DATA FOR REVIEW Start Marker

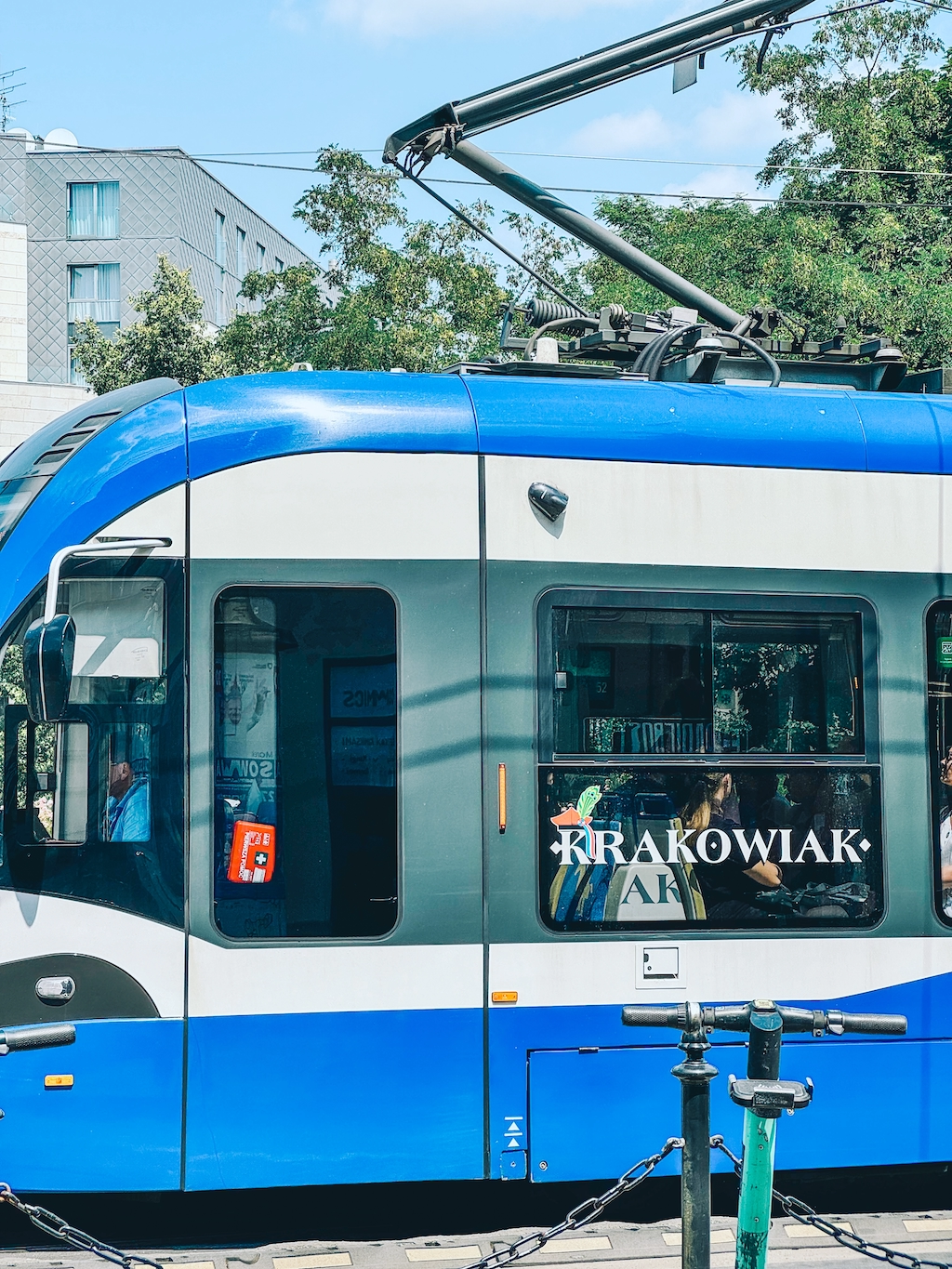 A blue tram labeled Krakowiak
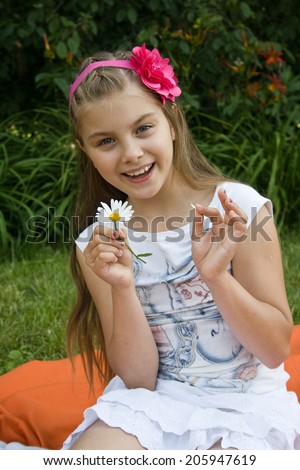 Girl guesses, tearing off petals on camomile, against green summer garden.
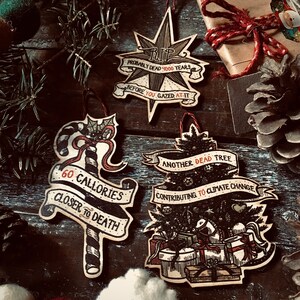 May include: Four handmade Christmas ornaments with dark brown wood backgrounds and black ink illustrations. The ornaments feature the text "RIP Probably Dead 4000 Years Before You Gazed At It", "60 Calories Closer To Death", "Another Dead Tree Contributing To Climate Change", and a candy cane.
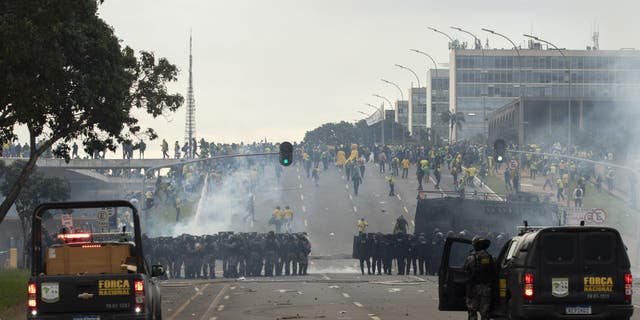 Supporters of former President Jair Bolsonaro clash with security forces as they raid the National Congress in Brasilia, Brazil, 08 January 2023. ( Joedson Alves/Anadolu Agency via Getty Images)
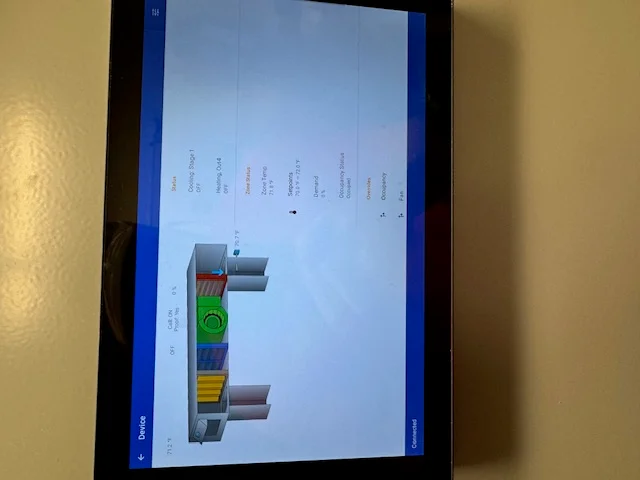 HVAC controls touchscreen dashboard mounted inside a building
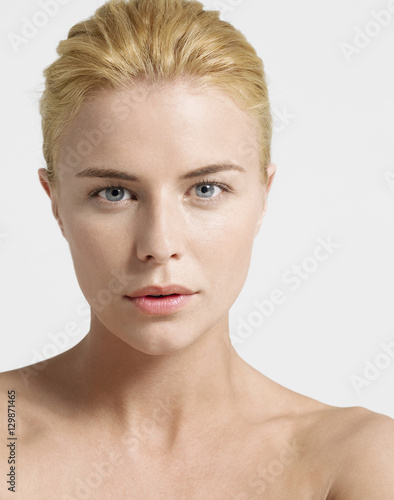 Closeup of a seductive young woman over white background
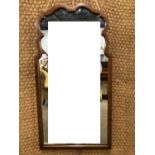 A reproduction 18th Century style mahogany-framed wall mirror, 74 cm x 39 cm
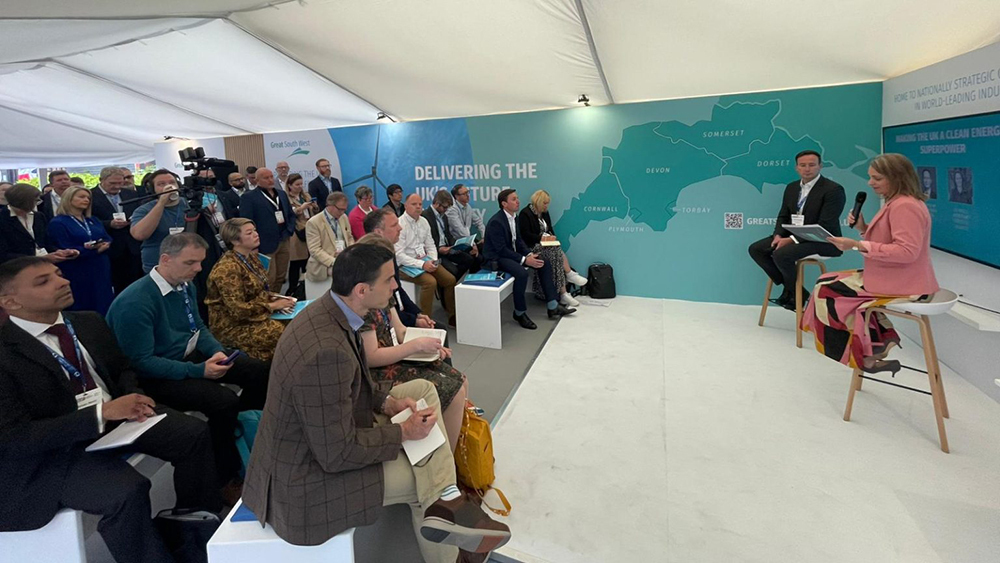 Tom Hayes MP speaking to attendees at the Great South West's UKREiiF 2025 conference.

DATA FOR REVIEW End Marker

▸ **TASK DIRECTIONS**:
In repeating the entries, exclude the pictures and alter nothing else.

▸ **EXPECTED ANSWER**:
 A blue tram labeled Krakowiak
 Girl guesses, tearing off petals on camomile, against green summer garden.
 May include: Four handmade Christmas ornaments with dark brown wood backgrounds and black ink illustrations. The ornaments feature the text "RIP Probably Dead 4000 Years Before You Gazed At It", "60 Calories Closer To Death", "Another Dead Tree Contributing To Climate Change", and a candy cane.
 Supporters of former President Jair Bolsonaro clash with security forces as they raid the National Congress in Brasilia, Brazil, 08 January 2023. ( Joedson Alves/Anadolu Agency via Getty Images)
 HVAC controls touchscreen dashboard mounted inside a building
 Closeup of a seductive young woman over white background
 A reproduction 18th Century style mahogany-framed wall mirror, 74 cm x 39 cm
 Tom Hayes MP speaking to attendees at the Great South West's UKREiiF 2025 conference.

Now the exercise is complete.